--- DATA Enclosed Below ---

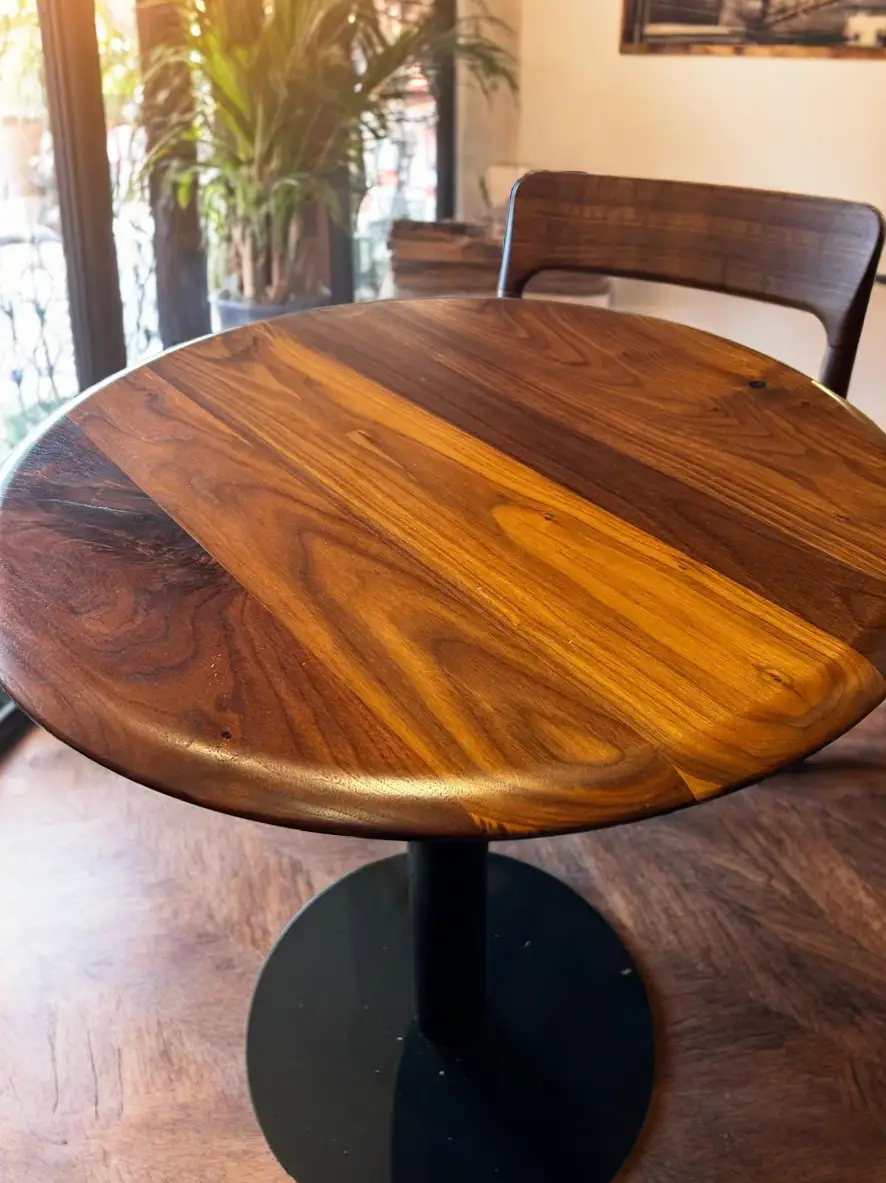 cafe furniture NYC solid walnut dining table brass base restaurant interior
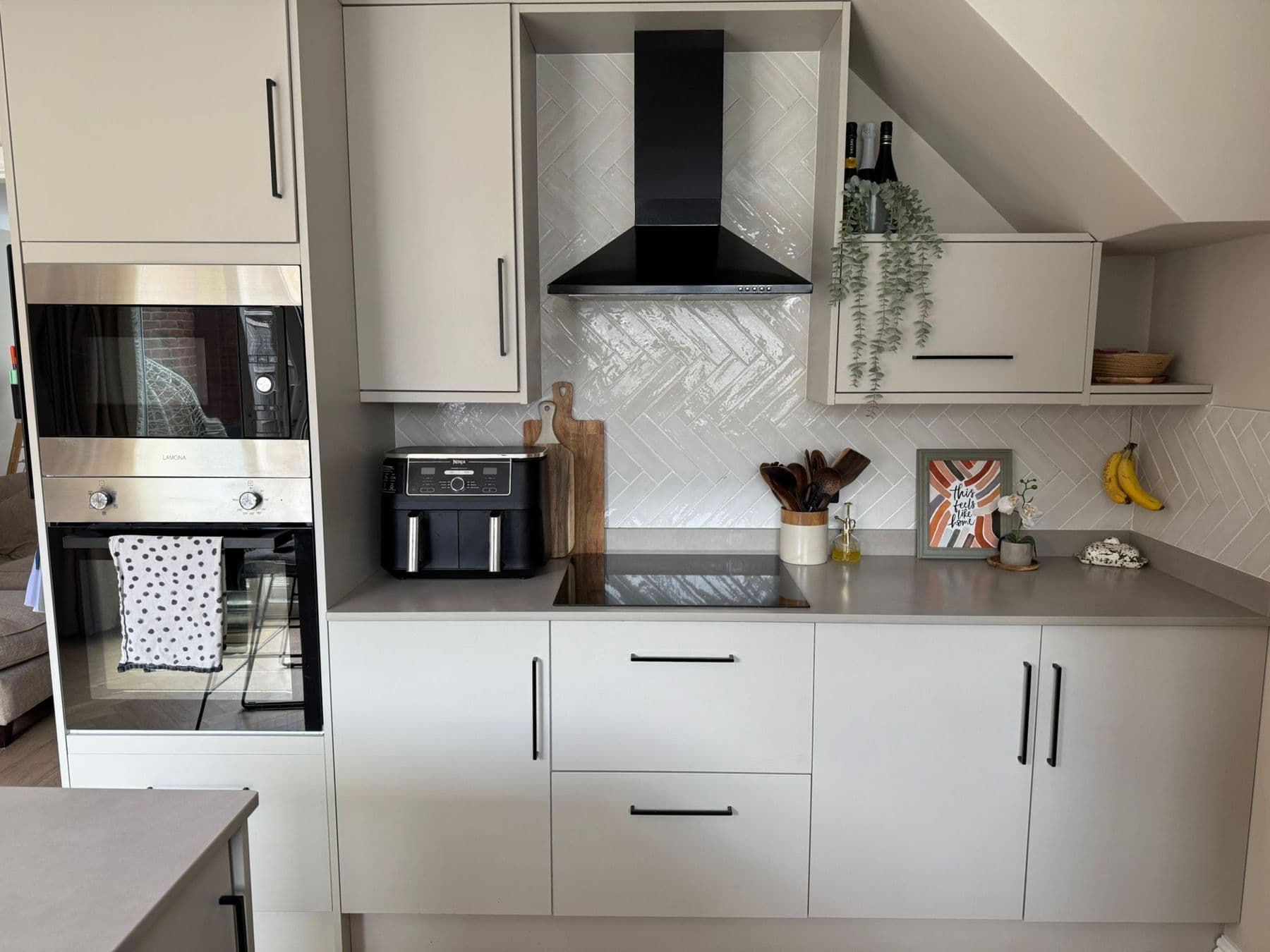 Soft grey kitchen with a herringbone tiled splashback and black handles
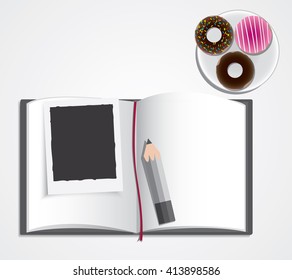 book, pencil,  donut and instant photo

--- End of Enclosed DATA ---
--- DATA Enclosed Below ---

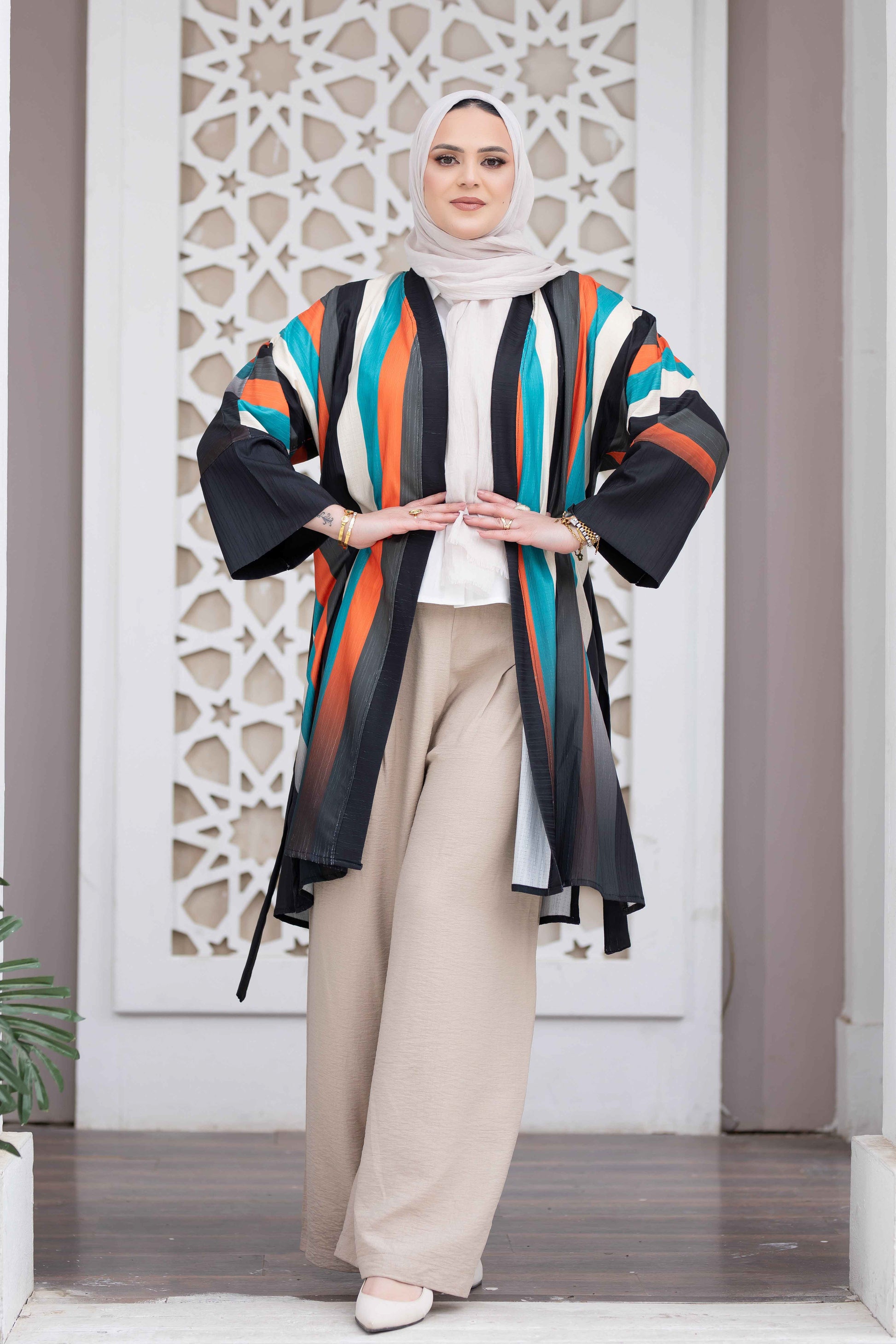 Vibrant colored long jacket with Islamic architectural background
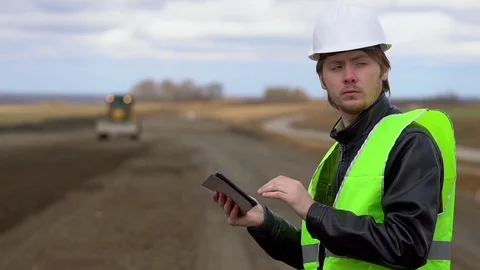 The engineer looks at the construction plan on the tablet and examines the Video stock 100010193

--- End of Enclosed DATA ---

• _WHAT IS BEING ASKED_
Copy out exactly the material that runs from the line with "Soft grey kitchen" to the line with "and instant photo", ends included, and leave the pictures behind.

• _ANSWER TO THIS EXERCISE_
 Soft grey kitchen with a herringbone tiled splashback and black handles
 book, pencil,  donut and instant photo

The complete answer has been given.